Sabemos de Facón Grande que el día que lo fusilaron tuvieron
que darle dos cargas consecutivas disparadas de cuatro fusiles; que los ocho
disparos ni siquiera lo voltearon hasta que no expiró, que se murió girando
sobre sí mismo, y que antes de la muerte a traición les aseguró a los milicos,
mirándolos a los ojos, que “así no se mataba un criollo”.
Sabemos que Facón Grande tenía ascendente por sobre la
peonada, que no era ni patrón ni líder, sino un hombre cierto, de hablar claro
para los paisanos y que no sabía de ideologías ni revoluciones, pero
intuitivamente sabía lo que estaba bien y lo que estaba mal.
Sabemos que Facón Grande no era un asceta, pero tampoco era
un borracho; que no era violento pero que tampoco le quitaba el cuerpo a las
rencillas y le cantaba las cuarenta a sus compañeros o a sus patrones de acento
inglés.
Sabemos que le decían Facón Grande, que una larga daga con
funda de plata llevaba cruzado al cinto, por detrás de la cintura. Sabemos que
su alias generaba todo tipo de leyendas, pero que nunca despellejó a nadie.

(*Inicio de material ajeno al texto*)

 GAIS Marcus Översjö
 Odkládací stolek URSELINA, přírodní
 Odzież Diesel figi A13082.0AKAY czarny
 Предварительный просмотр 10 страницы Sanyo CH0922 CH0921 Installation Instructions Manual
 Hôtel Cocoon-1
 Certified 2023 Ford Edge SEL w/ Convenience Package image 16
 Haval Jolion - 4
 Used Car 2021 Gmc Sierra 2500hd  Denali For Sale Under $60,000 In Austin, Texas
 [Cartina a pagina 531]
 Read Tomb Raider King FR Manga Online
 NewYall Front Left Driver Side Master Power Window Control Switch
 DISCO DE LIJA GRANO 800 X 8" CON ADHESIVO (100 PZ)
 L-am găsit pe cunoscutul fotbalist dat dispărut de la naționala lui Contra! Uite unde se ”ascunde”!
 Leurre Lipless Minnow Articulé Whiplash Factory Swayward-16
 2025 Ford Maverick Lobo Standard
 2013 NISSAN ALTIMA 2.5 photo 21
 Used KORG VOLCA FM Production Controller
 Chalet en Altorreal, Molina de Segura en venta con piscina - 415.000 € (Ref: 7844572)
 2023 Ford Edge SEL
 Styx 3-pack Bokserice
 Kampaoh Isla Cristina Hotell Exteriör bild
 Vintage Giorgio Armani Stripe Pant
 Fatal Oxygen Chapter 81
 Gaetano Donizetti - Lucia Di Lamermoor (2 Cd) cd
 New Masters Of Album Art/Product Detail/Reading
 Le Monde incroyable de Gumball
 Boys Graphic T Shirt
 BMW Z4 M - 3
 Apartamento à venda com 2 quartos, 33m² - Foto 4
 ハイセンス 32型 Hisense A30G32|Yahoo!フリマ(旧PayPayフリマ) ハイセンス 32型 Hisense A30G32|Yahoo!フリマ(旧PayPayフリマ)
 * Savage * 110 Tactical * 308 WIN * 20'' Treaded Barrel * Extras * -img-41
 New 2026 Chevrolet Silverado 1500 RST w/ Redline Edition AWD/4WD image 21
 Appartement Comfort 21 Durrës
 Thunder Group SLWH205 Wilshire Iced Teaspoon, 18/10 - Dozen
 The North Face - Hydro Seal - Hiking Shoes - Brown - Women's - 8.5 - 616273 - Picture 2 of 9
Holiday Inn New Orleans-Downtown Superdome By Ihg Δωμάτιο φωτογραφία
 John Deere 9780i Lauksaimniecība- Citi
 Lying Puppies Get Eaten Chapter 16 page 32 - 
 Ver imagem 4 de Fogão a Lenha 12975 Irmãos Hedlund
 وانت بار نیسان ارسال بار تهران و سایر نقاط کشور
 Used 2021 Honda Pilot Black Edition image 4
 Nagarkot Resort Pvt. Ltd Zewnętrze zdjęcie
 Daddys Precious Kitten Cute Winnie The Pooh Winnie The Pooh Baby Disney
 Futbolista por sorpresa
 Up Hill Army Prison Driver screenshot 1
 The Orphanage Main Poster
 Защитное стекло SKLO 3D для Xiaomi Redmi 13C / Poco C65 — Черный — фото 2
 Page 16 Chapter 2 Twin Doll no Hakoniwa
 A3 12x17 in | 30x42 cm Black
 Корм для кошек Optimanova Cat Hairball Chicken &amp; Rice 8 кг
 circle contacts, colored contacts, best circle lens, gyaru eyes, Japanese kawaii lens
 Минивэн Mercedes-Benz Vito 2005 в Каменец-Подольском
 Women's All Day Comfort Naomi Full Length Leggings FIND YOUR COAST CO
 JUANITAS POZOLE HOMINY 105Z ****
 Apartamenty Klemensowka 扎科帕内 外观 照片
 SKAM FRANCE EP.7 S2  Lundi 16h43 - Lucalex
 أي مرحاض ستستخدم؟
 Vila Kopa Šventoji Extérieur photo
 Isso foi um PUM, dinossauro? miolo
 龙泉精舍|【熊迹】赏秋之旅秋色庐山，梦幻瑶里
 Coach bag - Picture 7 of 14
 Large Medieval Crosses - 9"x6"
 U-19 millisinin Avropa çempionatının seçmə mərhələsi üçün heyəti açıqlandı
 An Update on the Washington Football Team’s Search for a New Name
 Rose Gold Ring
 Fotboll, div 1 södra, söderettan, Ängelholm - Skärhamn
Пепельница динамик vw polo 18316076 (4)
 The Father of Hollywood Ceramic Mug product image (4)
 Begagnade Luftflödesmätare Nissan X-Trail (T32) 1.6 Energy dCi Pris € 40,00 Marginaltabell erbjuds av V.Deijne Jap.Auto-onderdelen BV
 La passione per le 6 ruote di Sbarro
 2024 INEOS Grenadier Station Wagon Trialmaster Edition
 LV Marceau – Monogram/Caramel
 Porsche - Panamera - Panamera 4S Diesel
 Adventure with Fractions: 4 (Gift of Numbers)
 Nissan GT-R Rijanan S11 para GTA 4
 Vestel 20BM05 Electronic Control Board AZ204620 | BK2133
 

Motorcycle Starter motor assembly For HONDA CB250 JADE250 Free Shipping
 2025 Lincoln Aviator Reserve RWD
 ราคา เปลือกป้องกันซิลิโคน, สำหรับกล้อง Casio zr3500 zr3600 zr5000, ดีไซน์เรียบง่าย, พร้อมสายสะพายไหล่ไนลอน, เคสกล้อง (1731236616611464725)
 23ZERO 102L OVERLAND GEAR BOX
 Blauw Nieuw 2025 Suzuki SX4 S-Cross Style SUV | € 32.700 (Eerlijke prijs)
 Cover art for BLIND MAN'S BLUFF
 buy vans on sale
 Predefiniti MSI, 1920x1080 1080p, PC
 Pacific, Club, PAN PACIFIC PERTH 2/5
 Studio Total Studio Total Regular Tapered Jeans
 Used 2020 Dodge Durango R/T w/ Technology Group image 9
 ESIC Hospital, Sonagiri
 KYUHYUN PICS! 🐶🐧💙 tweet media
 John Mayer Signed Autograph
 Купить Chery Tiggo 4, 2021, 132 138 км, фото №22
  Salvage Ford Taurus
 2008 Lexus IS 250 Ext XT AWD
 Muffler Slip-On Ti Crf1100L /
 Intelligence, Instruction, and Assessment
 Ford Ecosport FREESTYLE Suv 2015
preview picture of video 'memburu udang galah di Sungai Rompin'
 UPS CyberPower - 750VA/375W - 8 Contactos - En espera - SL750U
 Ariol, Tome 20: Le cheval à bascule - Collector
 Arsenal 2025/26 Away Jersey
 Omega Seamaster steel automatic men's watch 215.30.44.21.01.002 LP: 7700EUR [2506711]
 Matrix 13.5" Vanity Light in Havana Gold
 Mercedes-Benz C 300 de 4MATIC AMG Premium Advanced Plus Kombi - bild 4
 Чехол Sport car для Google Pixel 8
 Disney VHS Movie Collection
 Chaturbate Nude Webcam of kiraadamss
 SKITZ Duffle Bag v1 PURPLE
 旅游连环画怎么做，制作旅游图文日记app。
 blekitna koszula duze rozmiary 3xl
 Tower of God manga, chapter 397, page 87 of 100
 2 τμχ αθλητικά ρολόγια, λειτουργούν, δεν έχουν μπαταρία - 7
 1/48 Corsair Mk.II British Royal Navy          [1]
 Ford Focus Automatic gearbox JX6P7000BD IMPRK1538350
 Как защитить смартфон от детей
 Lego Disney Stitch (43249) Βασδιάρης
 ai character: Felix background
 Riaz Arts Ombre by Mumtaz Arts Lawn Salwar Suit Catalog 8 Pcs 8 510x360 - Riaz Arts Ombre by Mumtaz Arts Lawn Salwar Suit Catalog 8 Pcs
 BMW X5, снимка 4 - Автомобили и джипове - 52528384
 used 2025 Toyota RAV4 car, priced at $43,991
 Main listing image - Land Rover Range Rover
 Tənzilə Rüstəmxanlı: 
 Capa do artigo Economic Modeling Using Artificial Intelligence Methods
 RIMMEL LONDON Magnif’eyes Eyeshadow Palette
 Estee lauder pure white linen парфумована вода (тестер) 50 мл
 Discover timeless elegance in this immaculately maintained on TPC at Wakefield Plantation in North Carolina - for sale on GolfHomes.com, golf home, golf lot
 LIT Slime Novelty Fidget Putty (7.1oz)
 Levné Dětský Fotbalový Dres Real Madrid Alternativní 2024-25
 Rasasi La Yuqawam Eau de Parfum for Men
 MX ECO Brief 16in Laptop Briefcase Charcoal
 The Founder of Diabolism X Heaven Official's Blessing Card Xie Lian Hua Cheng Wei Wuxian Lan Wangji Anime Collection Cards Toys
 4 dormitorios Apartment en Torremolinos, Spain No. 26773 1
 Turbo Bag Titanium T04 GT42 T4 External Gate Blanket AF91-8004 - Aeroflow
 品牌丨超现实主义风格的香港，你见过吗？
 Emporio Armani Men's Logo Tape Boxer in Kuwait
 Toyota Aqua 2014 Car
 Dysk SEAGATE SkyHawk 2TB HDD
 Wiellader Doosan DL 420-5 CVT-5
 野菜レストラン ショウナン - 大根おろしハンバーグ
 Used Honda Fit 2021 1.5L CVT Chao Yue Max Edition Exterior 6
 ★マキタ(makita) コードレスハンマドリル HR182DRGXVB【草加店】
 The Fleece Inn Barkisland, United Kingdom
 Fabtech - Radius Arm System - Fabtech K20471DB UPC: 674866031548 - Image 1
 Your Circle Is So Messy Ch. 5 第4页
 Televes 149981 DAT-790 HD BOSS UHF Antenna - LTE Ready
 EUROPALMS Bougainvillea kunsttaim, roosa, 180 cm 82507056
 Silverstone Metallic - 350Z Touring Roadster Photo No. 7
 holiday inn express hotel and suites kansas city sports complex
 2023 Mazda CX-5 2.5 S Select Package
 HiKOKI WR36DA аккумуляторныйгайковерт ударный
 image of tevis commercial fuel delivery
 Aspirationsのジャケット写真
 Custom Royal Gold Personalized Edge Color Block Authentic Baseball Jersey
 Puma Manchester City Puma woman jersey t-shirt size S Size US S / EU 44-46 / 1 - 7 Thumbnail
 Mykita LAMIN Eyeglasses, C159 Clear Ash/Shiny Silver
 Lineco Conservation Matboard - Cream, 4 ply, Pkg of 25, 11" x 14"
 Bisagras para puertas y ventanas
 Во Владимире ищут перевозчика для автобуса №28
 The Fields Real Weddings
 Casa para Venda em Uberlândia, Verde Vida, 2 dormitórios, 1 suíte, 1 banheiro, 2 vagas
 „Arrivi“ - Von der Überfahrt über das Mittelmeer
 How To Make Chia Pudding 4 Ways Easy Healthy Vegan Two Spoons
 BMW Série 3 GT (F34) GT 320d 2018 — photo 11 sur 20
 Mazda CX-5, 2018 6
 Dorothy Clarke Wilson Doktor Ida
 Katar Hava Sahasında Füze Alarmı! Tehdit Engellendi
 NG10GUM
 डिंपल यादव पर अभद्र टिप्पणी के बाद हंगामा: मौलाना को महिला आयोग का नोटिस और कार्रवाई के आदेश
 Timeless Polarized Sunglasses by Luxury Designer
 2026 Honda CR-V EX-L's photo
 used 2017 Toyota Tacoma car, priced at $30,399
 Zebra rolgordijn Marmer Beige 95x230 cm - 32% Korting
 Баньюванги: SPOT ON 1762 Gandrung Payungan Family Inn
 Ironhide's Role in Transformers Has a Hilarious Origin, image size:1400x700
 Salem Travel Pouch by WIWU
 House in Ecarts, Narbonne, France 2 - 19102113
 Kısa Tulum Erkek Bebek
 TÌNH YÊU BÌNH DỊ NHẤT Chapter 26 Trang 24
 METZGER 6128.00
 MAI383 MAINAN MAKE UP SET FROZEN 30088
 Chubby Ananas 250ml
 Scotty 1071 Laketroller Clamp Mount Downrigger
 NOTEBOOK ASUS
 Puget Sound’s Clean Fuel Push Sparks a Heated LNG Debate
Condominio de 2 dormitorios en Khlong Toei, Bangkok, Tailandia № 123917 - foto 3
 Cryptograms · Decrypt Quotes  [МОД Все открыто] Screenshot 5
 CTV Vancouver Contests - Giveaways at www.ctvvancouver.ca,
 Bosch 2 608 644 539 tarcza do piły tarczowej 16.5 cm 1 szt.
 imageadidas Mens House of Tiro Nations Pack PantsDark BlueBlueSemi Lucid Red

Sabemos que el coronel Varela lo sentenció sin siquiera poder vocalizarlo, que
alzó cuatro dedos de su mano indicando a sus subalternos los cuatro balazos
contra un hombre indefenso y maniatado. Sabemos que Facón Grande no murió ni
arrodillado ni volteado, que a los criollos como Facón Grande ni siquiera se
los mata con cuatro balazos traicioneros.